Anaconda is an open-source distribution of Python, designed for scientific computing, data science and machine learning.
The anaconda website is here, with the download page here.

Anaconda itself is a distribution, meaning that is a version of Python with a collection of packages that are curated and maintained together.

Using a pre-built distribution is useful, as it comes with the packages that you need for data science.

Anaconda also comes with conda, which is a package manager, allowing you to download, install, and manage other packages.

The anaconda distribution includes all packages that are needed for these tutorials.





Jupyter notebooks are a way to intermix code, outputs and plain text. They run in a web browser, and connect to a kernel to be able to execute code.
The official Jupyter website is available here.

Note that you do not need to download Jupyter separately, as it comes packaged with the Anaconda distribution.

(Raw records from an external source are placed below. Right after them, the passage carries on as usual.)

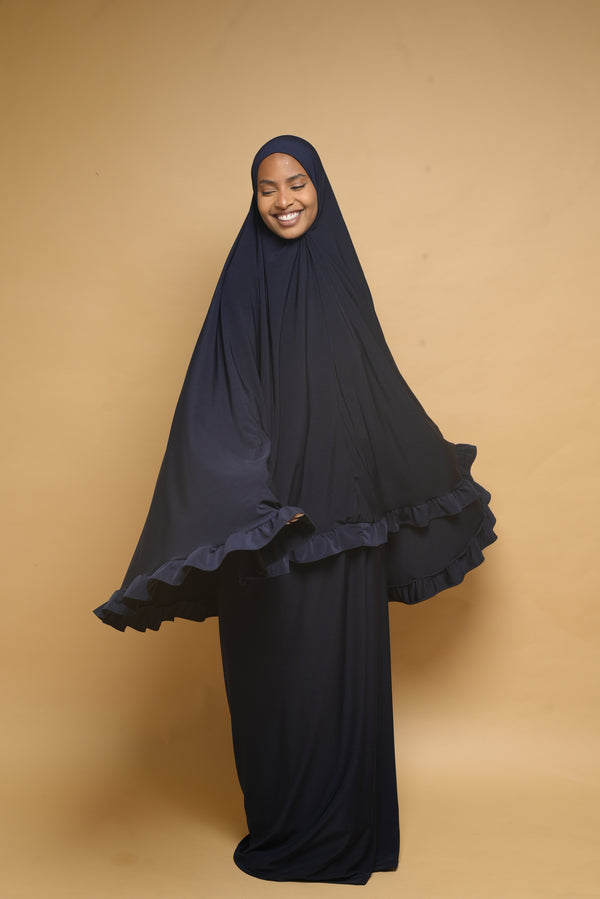 Robe de prière Jupe et Khimar BY NOUR Bleu Marine - vue 2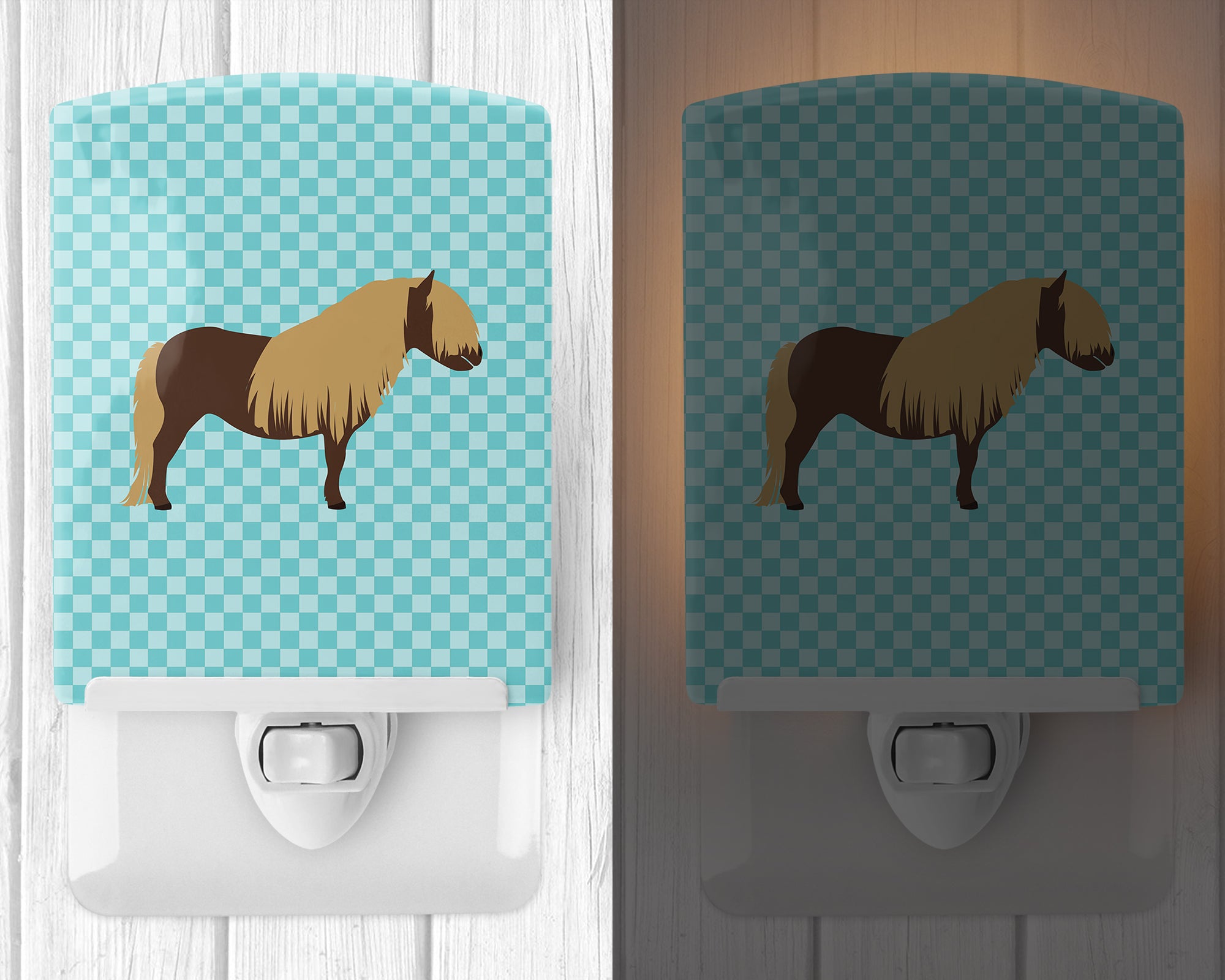 Shetland Pony Horse Blue Check Ceramic Night Light BB8088CNL - the-store.com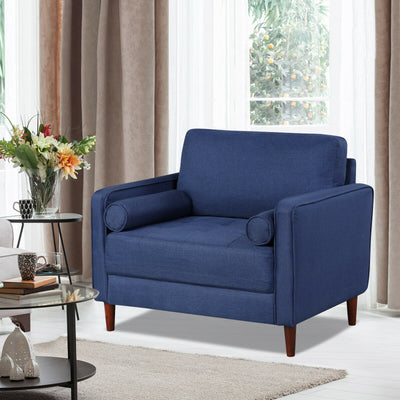 Accent Oversized Linen Club Armchair with Pillows and Rubber Wood Legs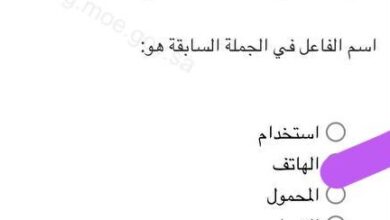 يمنع استخدام الهاتف المحمول في الفصل اسم الفاعل في الجملة السابقة هي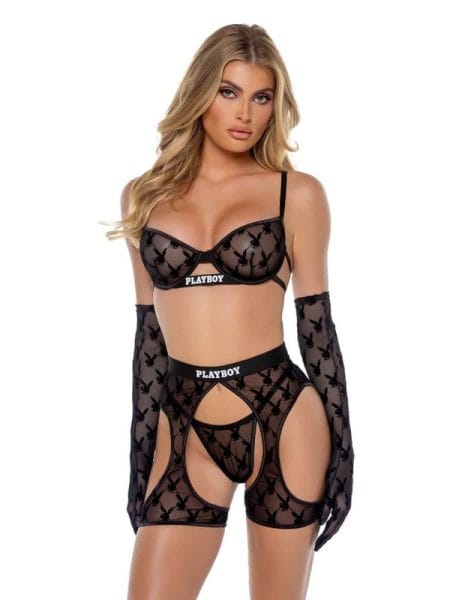Playboy Flocked Bunny Chaps 3 Pc Set  Black
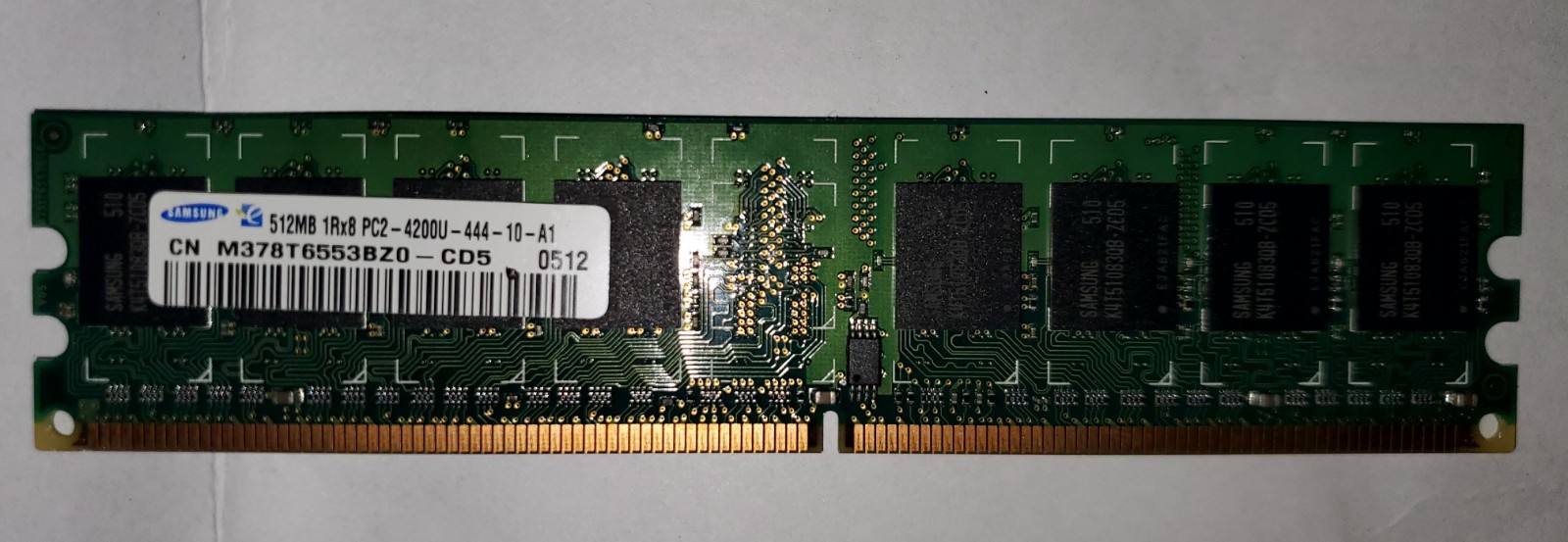 Genuine Samsung RAM 512MB 1Rx8 PC2 4200U-444-10-A1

Checking Your Python Version

You can check which installation of Python you are using, and which version it is.

Once you have installed anaconda, you should see you are using Python in an anaconda folder.

The version number that is printed should also be 3.6 or greater.

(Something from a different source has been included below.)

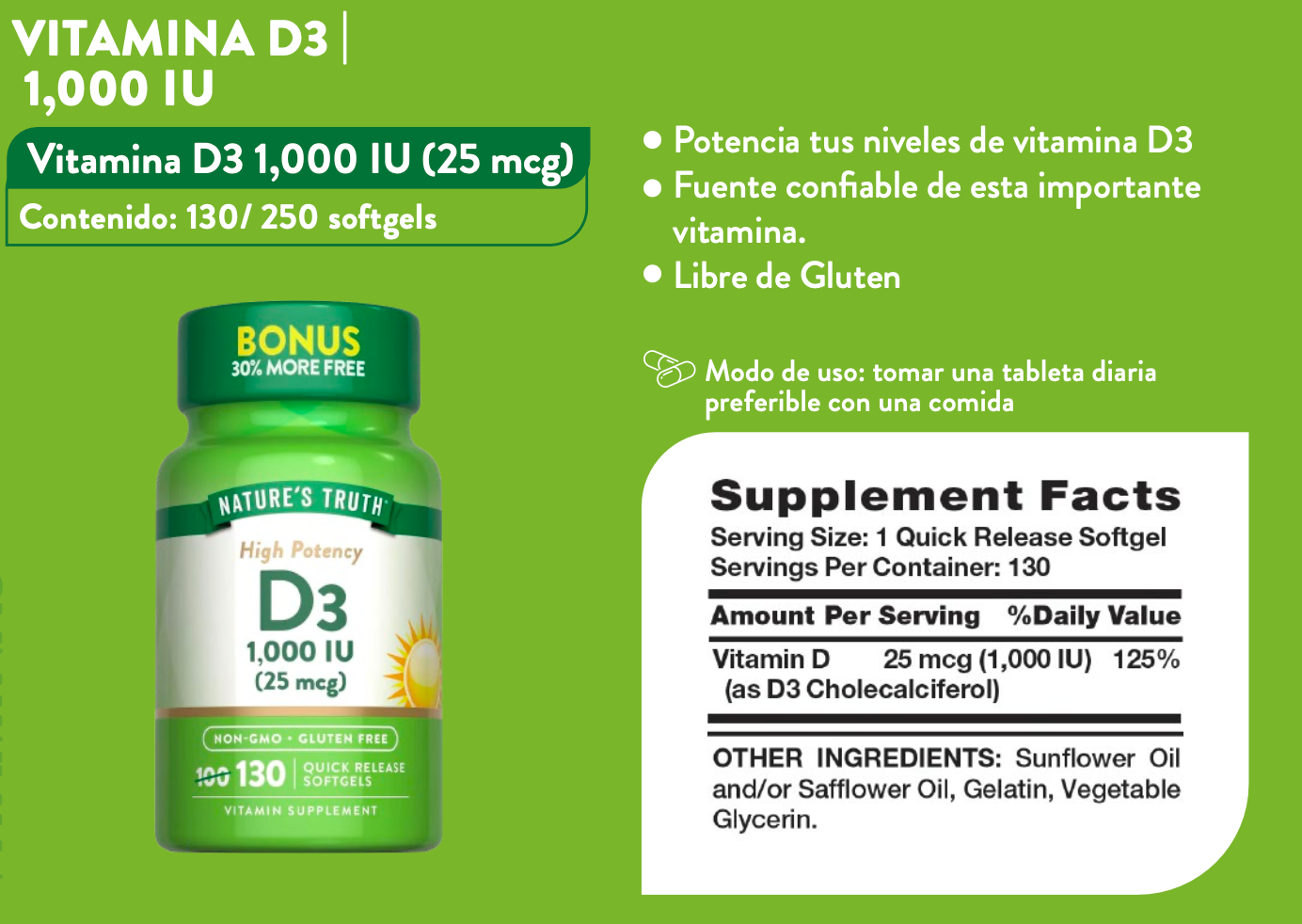 VITAMINA D3 | 1,000 IU - 130 CÁPSULAS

# Check the installed version of Python
#   Note: these are command-line functions that may not work on windows
!which python
!python --version
/opt/anaconda3/bin/python
Python 3.7.4




Git is a tool, a software package, for version control.
Install git, if you don't already have it.




Github is an online hosting service that can be used with git, and offers online tools to use git.
Create an account on Github.

Git & GitHub are not the same thing, though, in practice, they are commonly used together, whereby git is used as a tool to version control code and manage multiple copies stored across your computer, as well as on remote repositories that are stored on Github.

Note that while GitHub is a private company, git is an open-source tool, and can be used independent of GitHub.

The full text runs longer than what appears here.